Так по-разному откликнулись у нас на эти события мужчины, женщины и дети, и, пожалуй, меньше всего можно удивляться тому, как реагировали женщины. Они вели себя так, как вела бы себя любая женщина при подобных обстоятельствах. В первую минуту они были совершенно ошеломлены, а потом прониклись чувством необыкновенной гордости. Прежде всего они гордились делами своих мужей, но в какой-то мере и своим участием в общем деле. Весь мир славил великое открытие, которое их мужья поднесли в дар Америке. Не удивительно, что они восхищались своими мужьями. Но когда в хор громких славословий ворвались голоса, осуждавшие атомную бомбу, и со всех сторон послышались возгласы: «варварство», «ужас», «преступление в Хиросиме», «массовое убийство» — тогда жены начали понемногу трезветь. У них стали появляться сомнения, они недоумевали, пробовали разобраться в своих чувствах, но разрешить это противоречие было не так-то легко.
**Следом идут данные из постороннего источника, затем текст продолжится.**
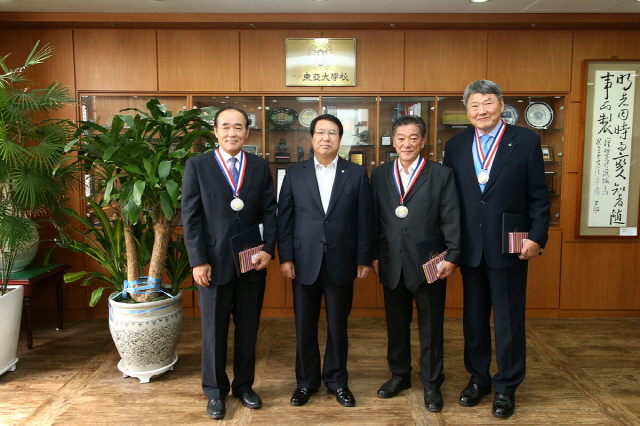 동아대, 퇴직교원 표창장 수여식 가져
Дети, вроде моих, в том возрасте, когда они уже кое-что начинают соображать, вдруг как-то неожиданно для себя узнали, что их отцы, которые всегда делали то, что им полагалось делать, то есть те самые люди, которые распекали их, объясняли им, как пользоваться каким-нибудь химическим прибором, как решить задачу по геометрии, которые ужасно долго брились в ванной комнате, носили белые значки на пиджаках, приходили домой только поесть и снова бежали на работу, люди, к которым они до такой степени привыкли, что им и в голову не приходило подумать, какова им цена… оказывается, очень важные люди. Может быть, даже поважней, чем папа такого-то, а он «капитан армии» — в представлении Джулио этот капитан был такой важный человек, что важней и вообразить нельзя. Имена их отцов печатались теперь жирными буквами в газетах. А они, их дети, жили, оказывается, в таком месте, название которого газеты помешают в заголовках. Их школа в Лос-Аламосе всегда казалась им маленькой и тесной, в ней все было куда хуже, чем в их прежних, столичных школах, и Нелла ужасно возмущалась, что у них в старшем отделении два разных класса посадили вместе в одну комнату. Но теперь все это вдруг стало предметом гордости. Ведь в газетах-то писали про лос-аламосскую школу, а не про те, столичные! А учительницы Неллы были жены этих самых великих ученых — миссис Роберт Вильсон и миссис Сирил Смит. Наши дети, и дети Пайерлсов, и другие дети их возраста без конца обсуждали все эти подробности и все больше и больше проникались сознанием собственной важности.